Chabrier déroute. Comme son ami Manet, il présente plusieurs manières admirables d'être soi . Ses volte-face déconcertent. À peine remis de l'audition de Tristan et Isolde, qui l'assombrit, et le fit douter de lui, il composa allégrement l'éblouissante España. Connu pour son fervent wagnérisme ­ Fantin-Latour le campa devant le piano au centre d'une grande toile que le public baptisa les Wagnéristes ; le pape du wagnérisme, Lamoureux, se l'attacha à la fondation des Nouveaux Concerts ­, il aborda la composition par de désopilantes opérettes écrites en collaboration avec son ami Verlaine : Fisch-Ton-Kan et Vaucochard et Fils Ier. Il écrivit des œuvres plus ambitieuses que ces tentatives de jeunesse, mais sans abandonner pour autant sa veine comique. Parallèlement à Gwendoline et à Briséis, drames lyriques wagnériens d'intention, surtout à cause des livrets de Catulle Mendès, il composa non seulement d'autres opérettes comme l'Étoile, Une éducation manquée, le Roi malgré lui ­ opéra bouffe transformé en opéra-comique à la demande de Carvallho ­, mais également des pièces orchestrales comme la Joyeuse Marche ou des romances telles que la cocasse suite des « volailleries », ainsi qu'il nommait plaisamment la Villanelle des petits canards, la Ballade des gros dindons, les Cigales, la Pastorale des cochons roses.
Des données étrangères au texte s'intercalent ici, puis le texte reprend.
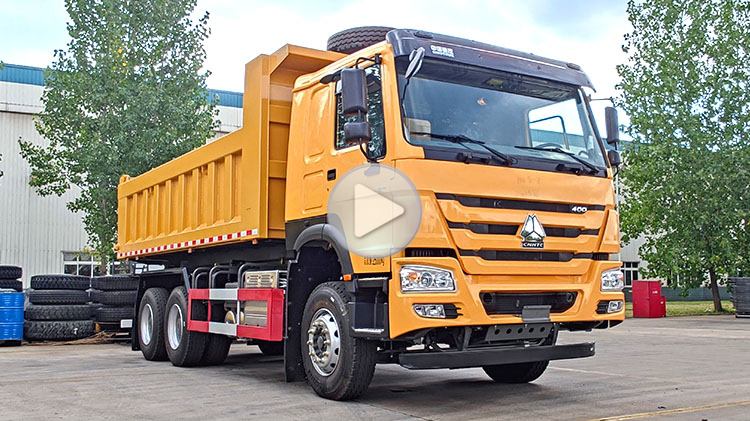 400HP 6X4 Sino Truck Howo Tipper Truck Price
Ce ne fut pas par hasard que des musiciens des plus divers, voire les plus étrangers les uns aux autres, chérirent comme un père spirituel un compositeur si mobile dans ses expressions. Son influence se décèle dans les directions les plus opposées, chez Fauré comme chez Richard Strauss, chez Messager comme chez Satie, chez Ravel, qui le vénéra, et chez Debussy, qui pourtant était plus secret sur ses sources, mais dont le Pelléas rappelle Briséis, chez R. Hahn et chez M. de Falla, chez Milhaud, Poulenc, etc.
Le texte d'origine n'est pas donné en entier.